----- Records to use

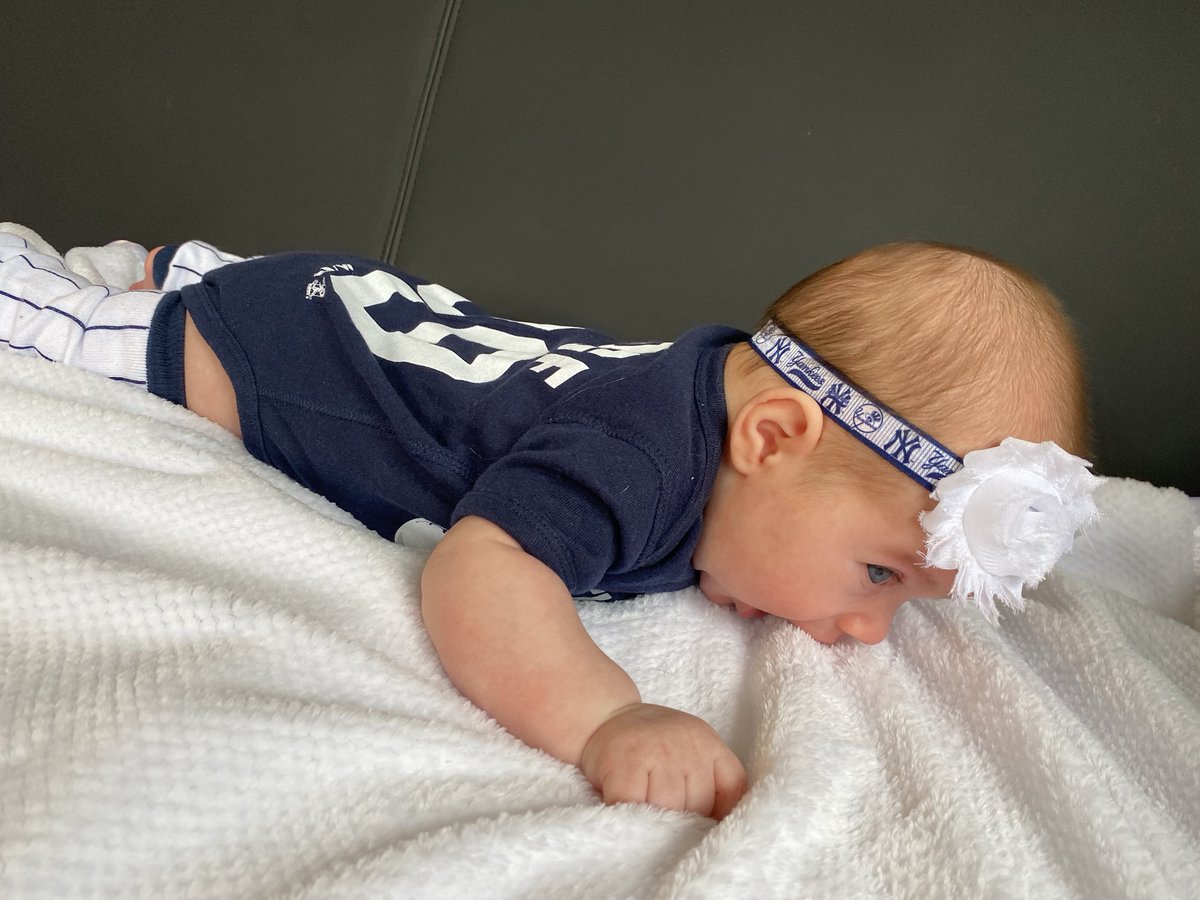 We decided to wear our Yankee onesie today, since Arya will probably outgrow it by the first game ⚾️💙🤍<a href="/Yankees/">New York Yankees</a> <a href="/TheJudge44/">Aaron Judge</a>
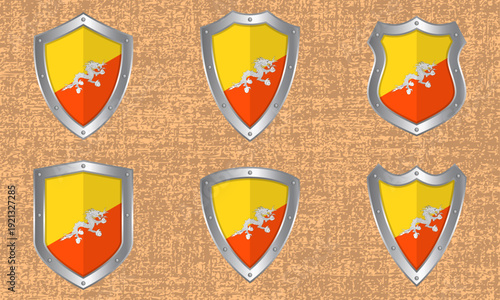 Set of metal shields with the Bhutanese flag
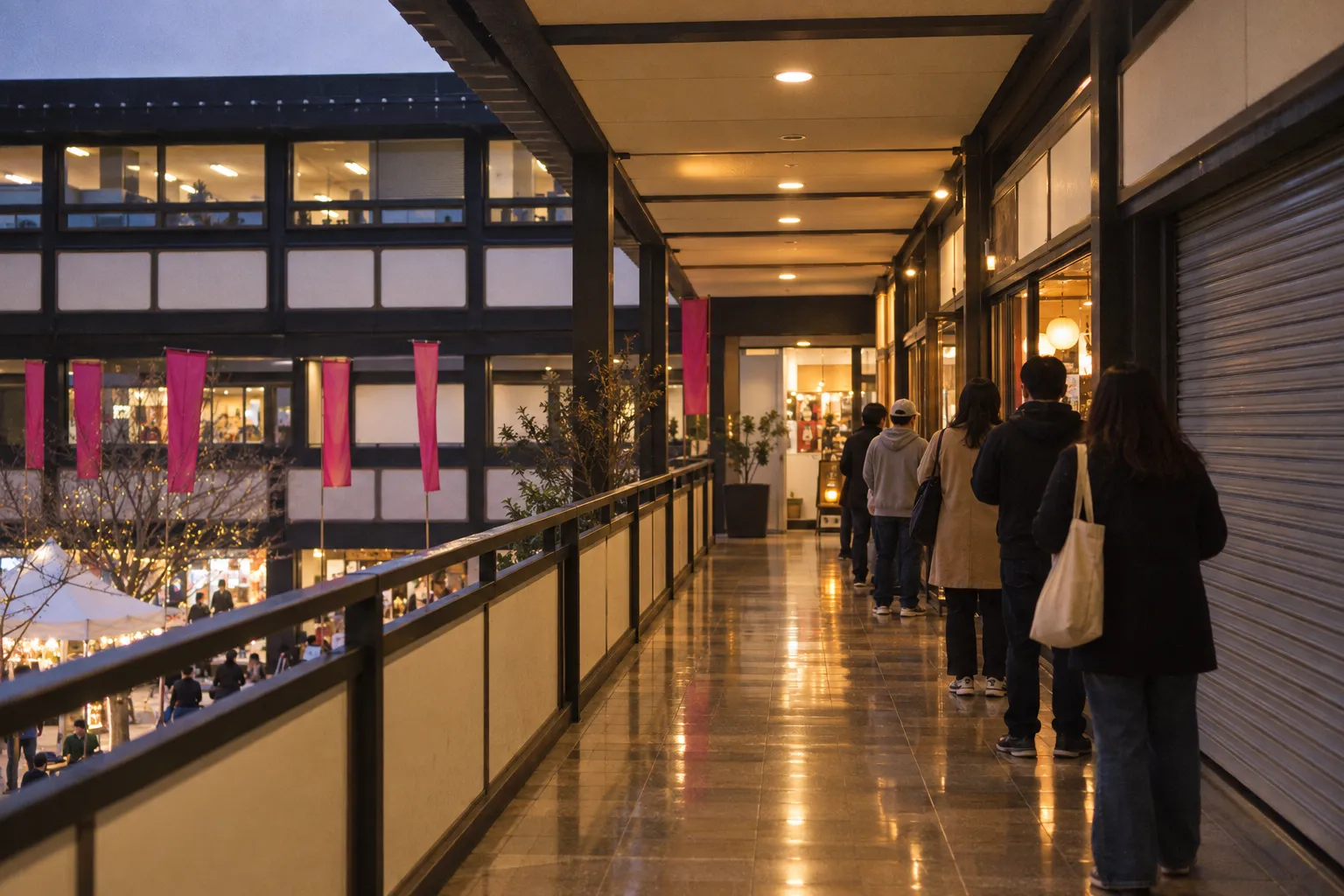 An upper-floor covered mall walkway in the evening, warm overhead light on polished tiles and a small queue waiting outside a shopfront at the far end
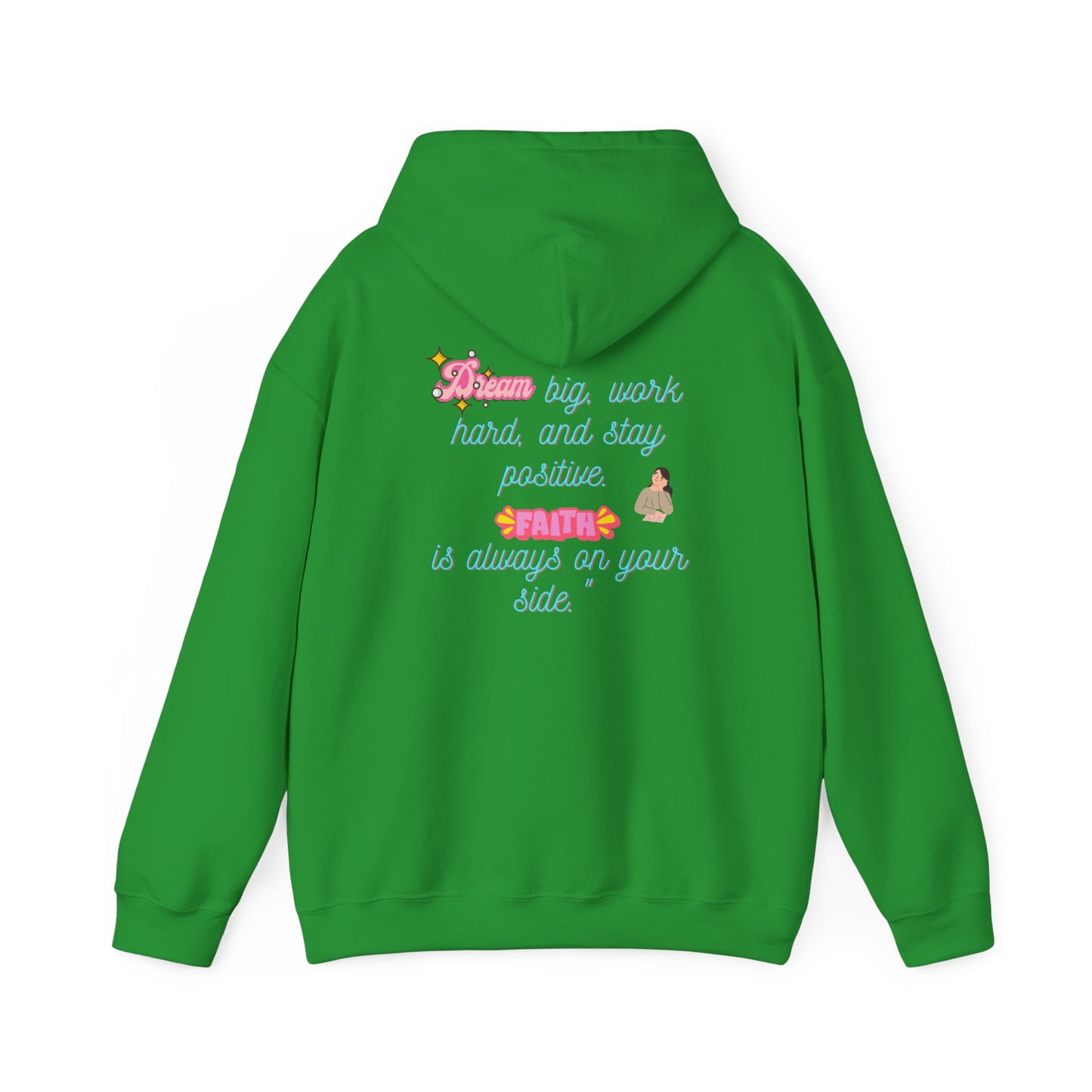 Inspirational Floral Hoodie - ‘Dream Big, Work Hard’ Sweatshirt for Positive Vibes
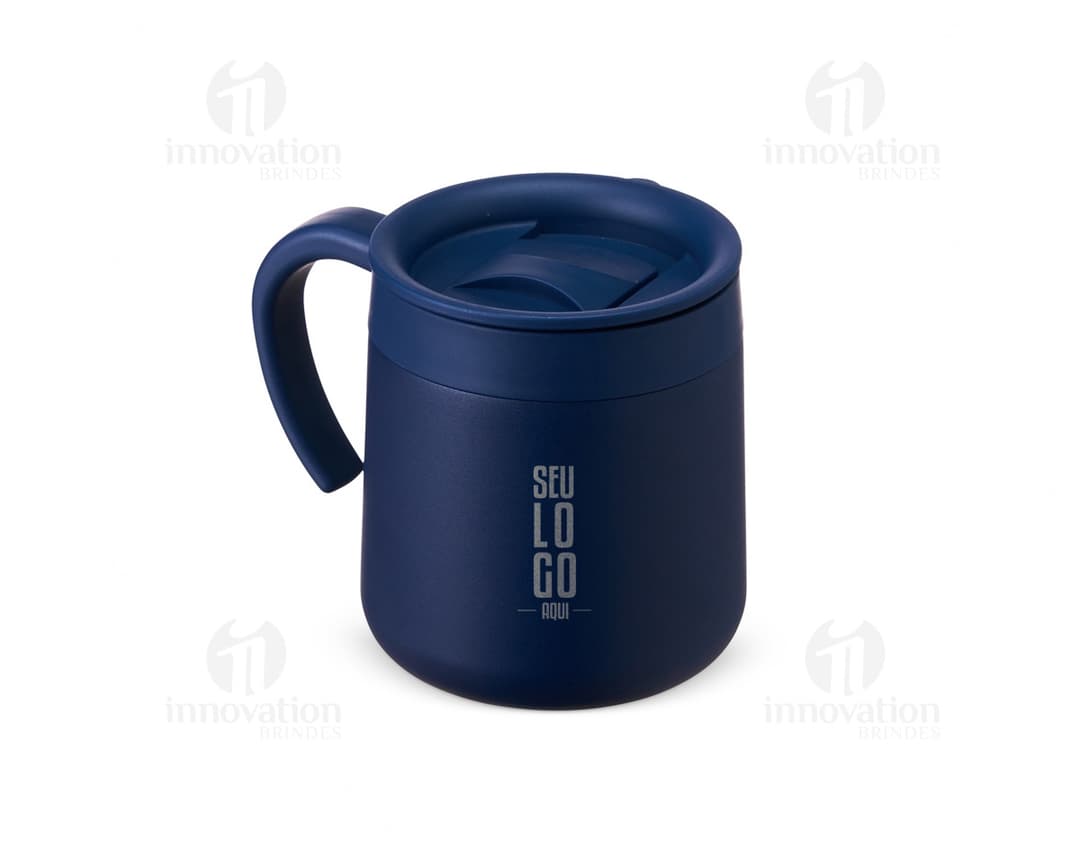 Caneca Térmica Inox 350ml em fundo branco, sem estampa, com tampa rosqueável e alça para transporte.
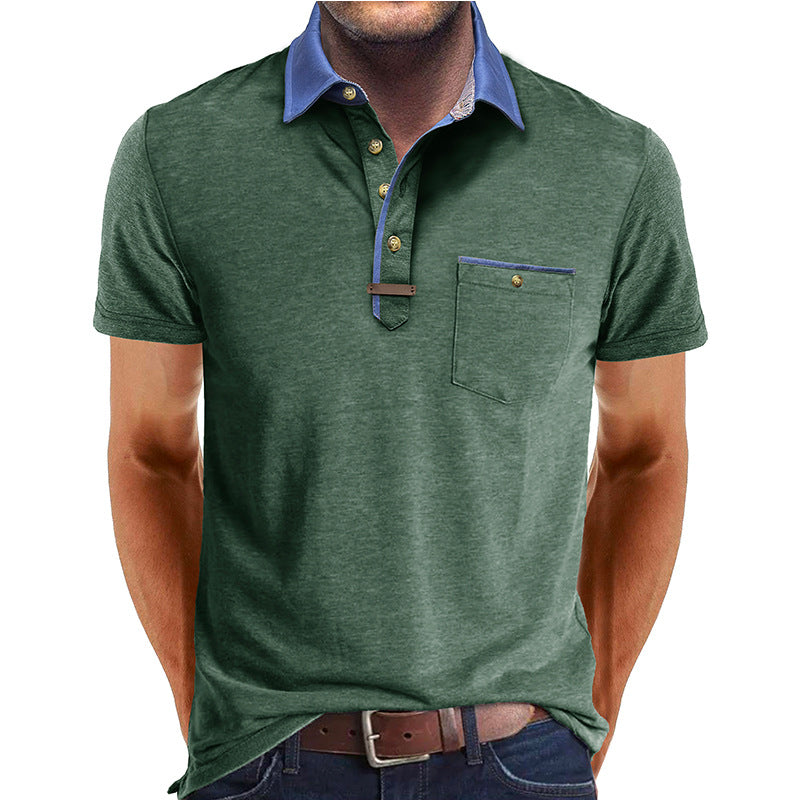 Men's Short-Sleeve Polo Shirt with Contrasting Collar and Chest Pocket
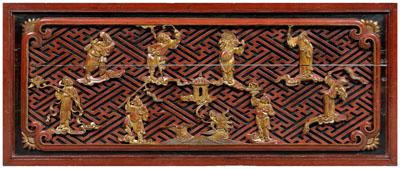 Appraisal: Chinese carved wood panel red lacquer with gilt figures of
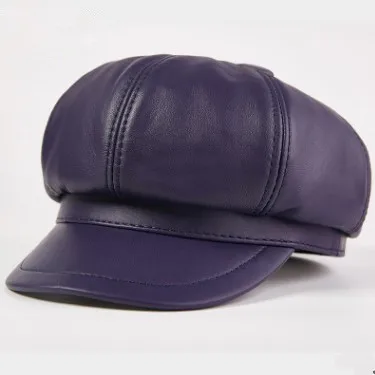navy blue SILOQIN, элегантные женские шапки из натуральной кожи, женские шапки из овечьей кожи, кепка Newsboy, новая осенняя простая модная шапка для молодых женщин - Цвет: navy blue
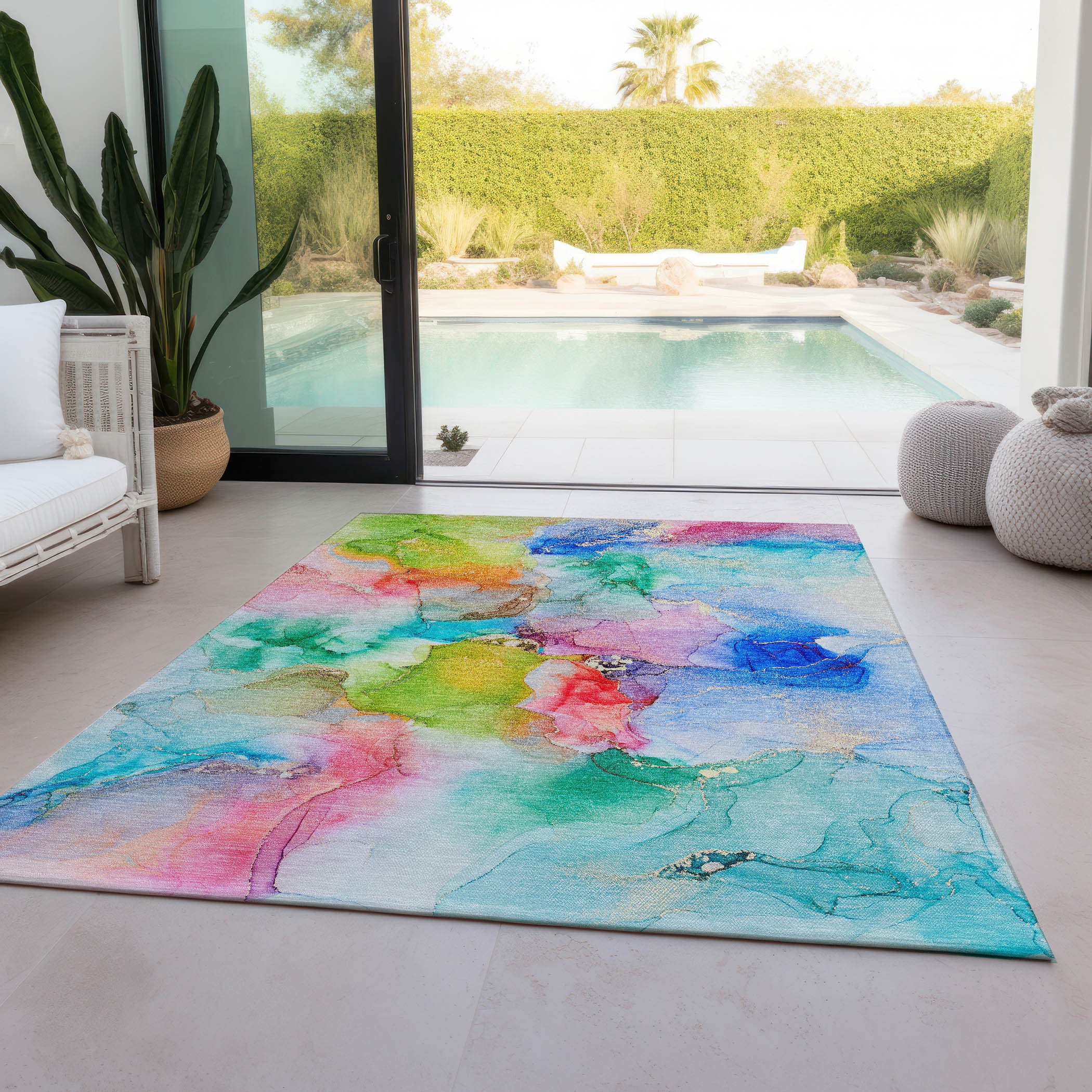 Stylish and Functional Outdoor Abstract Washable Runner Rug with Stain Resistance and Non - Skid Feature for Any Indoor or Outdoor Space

----------

▸ Your objective
The line containing "Appraisal: Chinese carved" and every line after it, through the end of the records, are what you should retype exactly. Do not include the pictures.

▸ Written answer
 Appraisal: Chinese carved wood panel red lacquer with gilt figures of
navy blue SILOQIN, элегантные женские шапки из натуральной кожи, женские шапки из овечьей кожи, кепка Newsboy, новая осенняя простая модная шапка для молодых женщин - Цвет: navy blue
 Stylish and Functional Outdoor Abstract Washable Runner Rug with Stain Resistance and Non - Skid Feature for Any Indoor or Outdoor Space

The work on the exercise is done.